The listing below must be returned in full and unchanged, without the images it carries.

━━━━━━━━━━

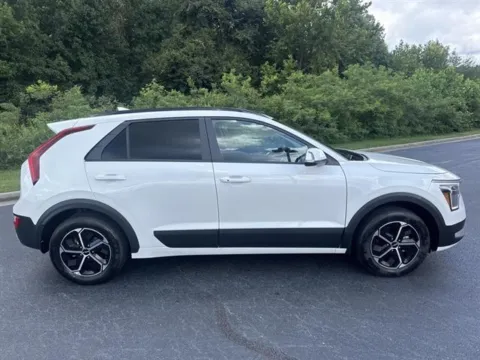 More photos of 2025 Kia Niro EX at Blackwell Kia, VA
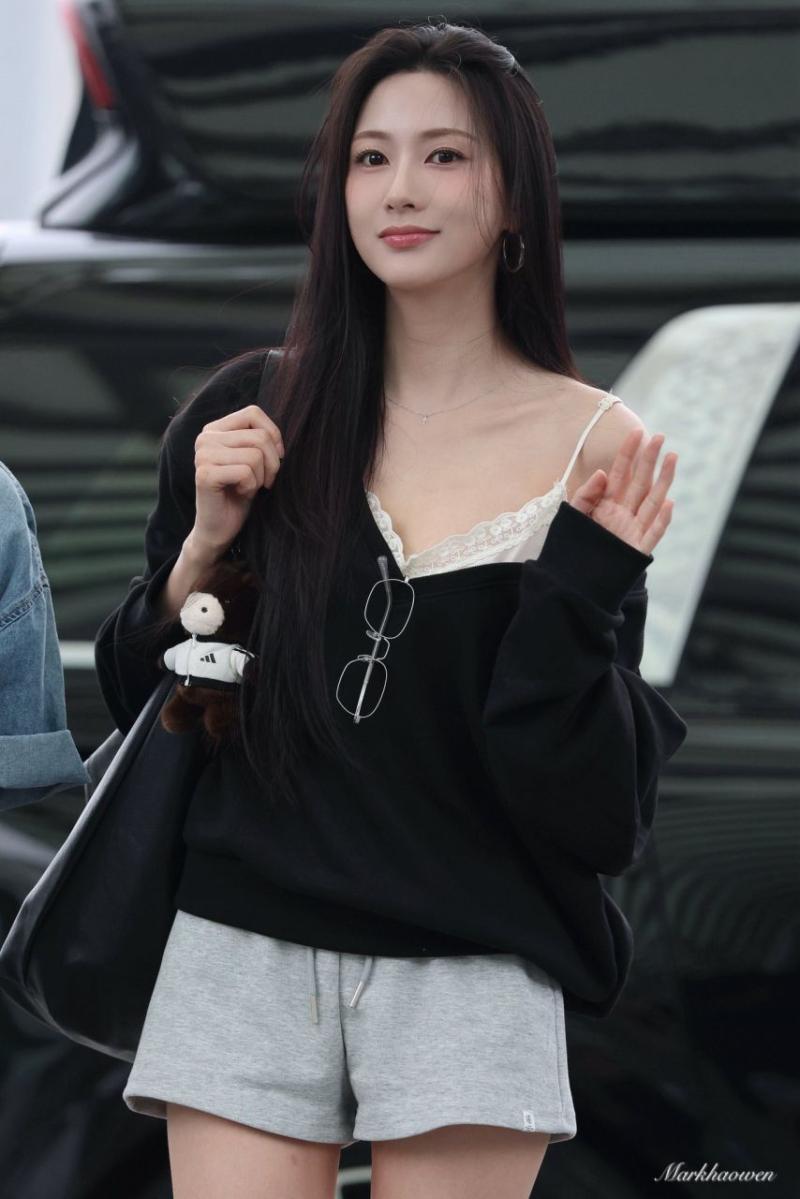 출국하는 에이핑크 오하영 260410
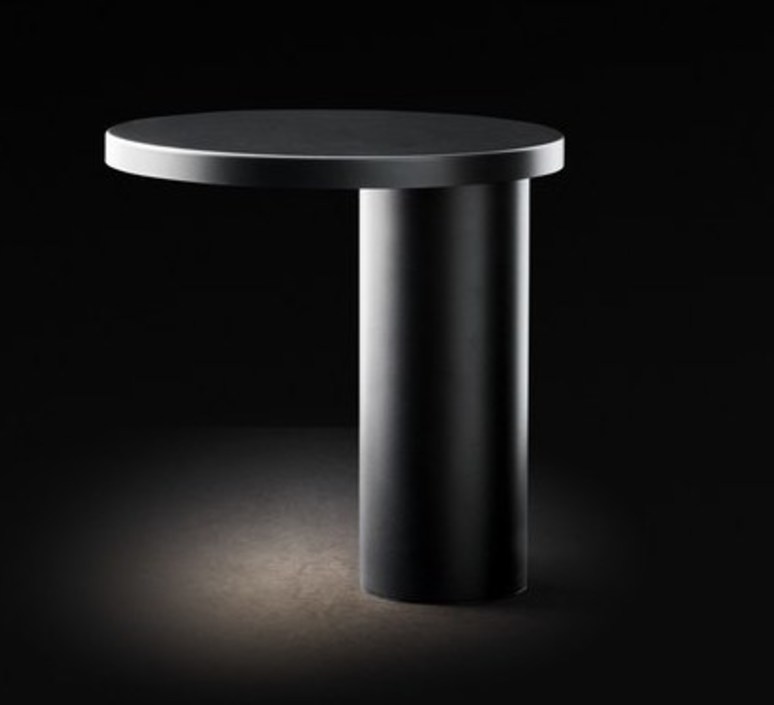 Cylinda Table Lamp 218 by Oluce Lamps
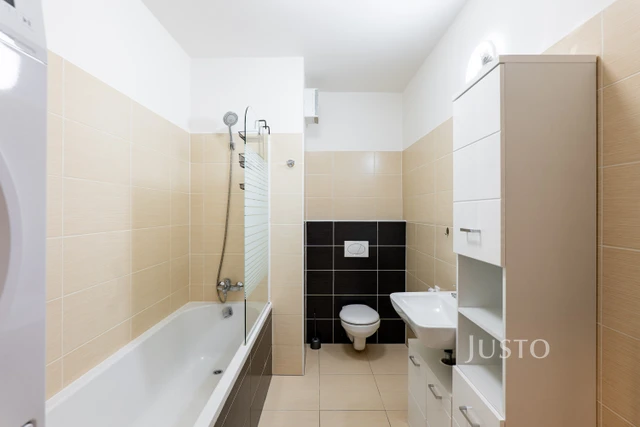 Pronájem 2+kk 55 m² + garáž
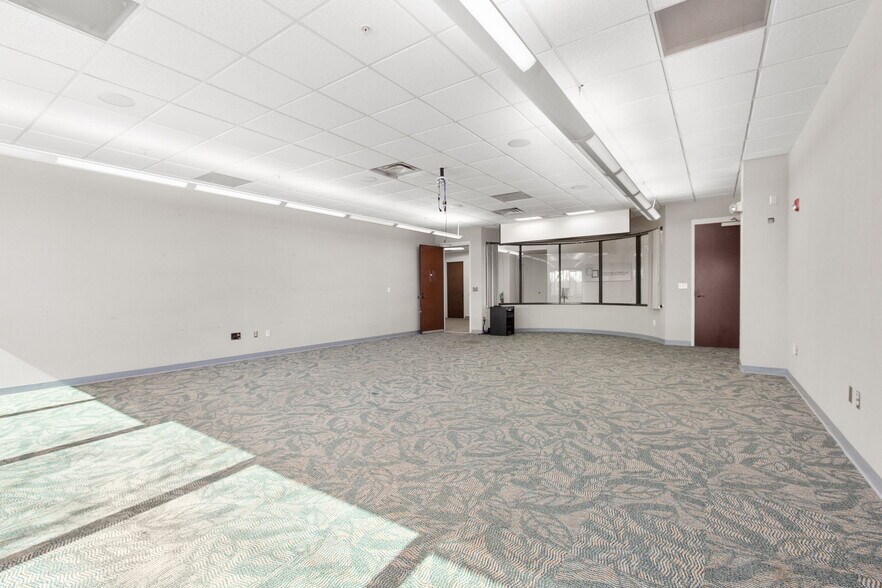 More Photos Of 10304 Spotsylvania Ave, Fredericksburg Office For Lease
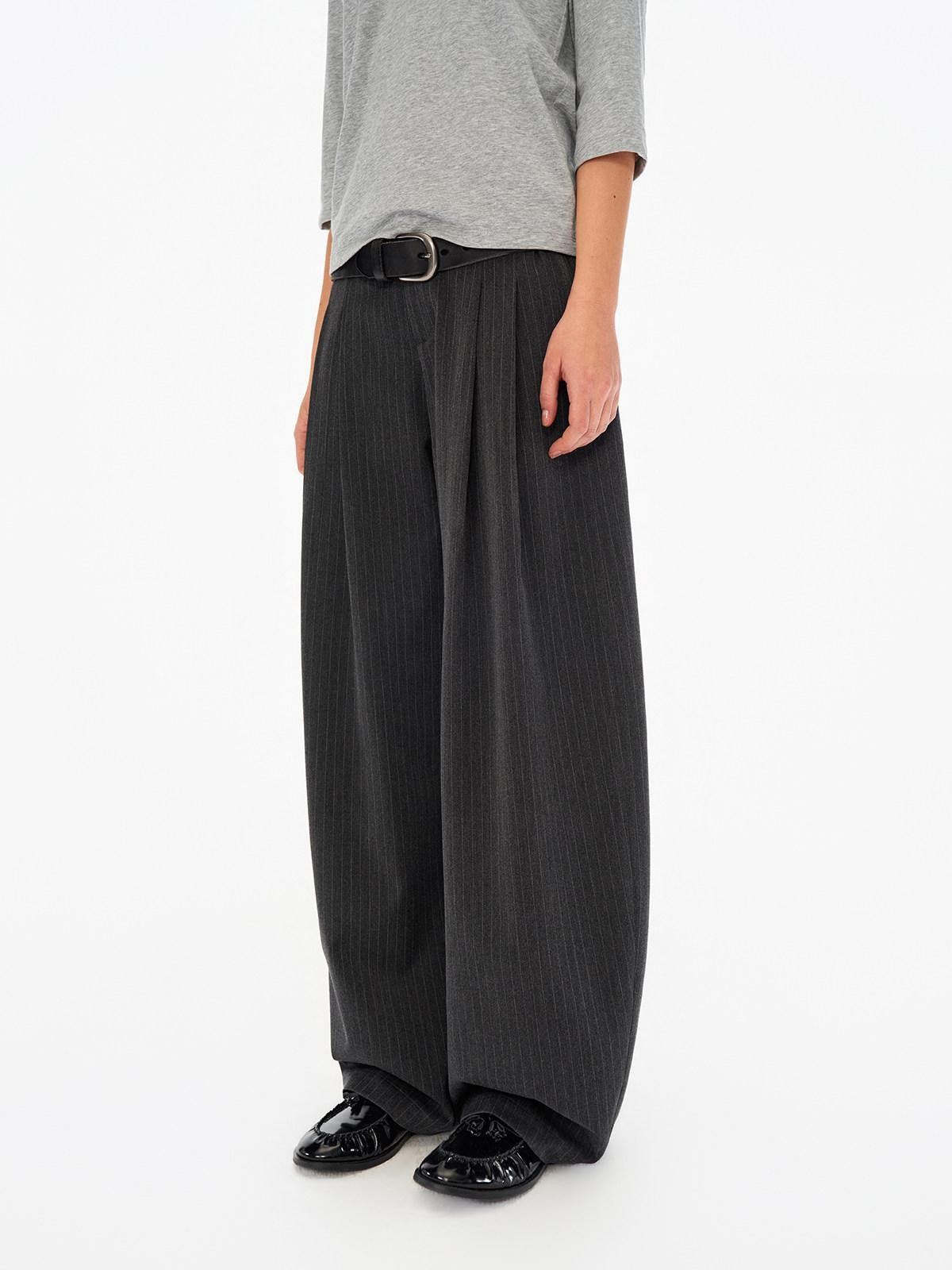 Northbutsouth Vertical Stripe No Waistband Relaxed Mid Rise Curved Leg Women&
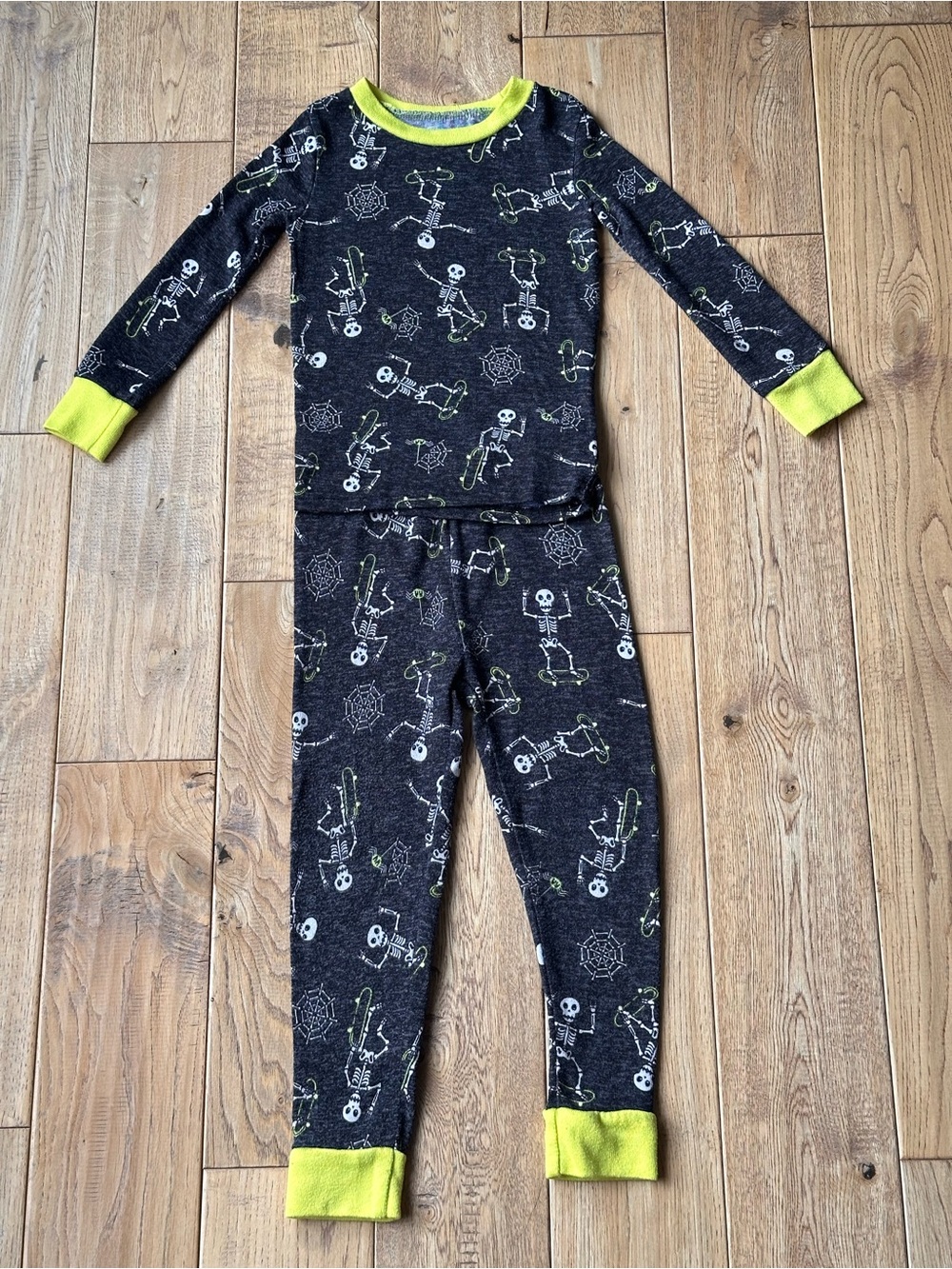 Trick or Treat Sleep Skeleton Glow in the Dark Pajamas size 4T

━━━━━━━━━━

- SOLUTION:
 More photos of 2025 Kia Niro EX at Blackwell Kia, VA
 출국하는 에이핑크 오하영 260410
 Cylinda Table Lamp 218 by Oluce Lamps
 Pronájem 2+kk 55 m² + garáž
 More Photos Of 10304 Spotsylvania Ave, Fredericksburg Office For Lease
 Northbutsouth Vertical Stripe No Waistband Relaxed Mid Rise Curved Leg Women&
 Trick or Treat Sleep Skeleton Glow in the Dark Pajamas size 4T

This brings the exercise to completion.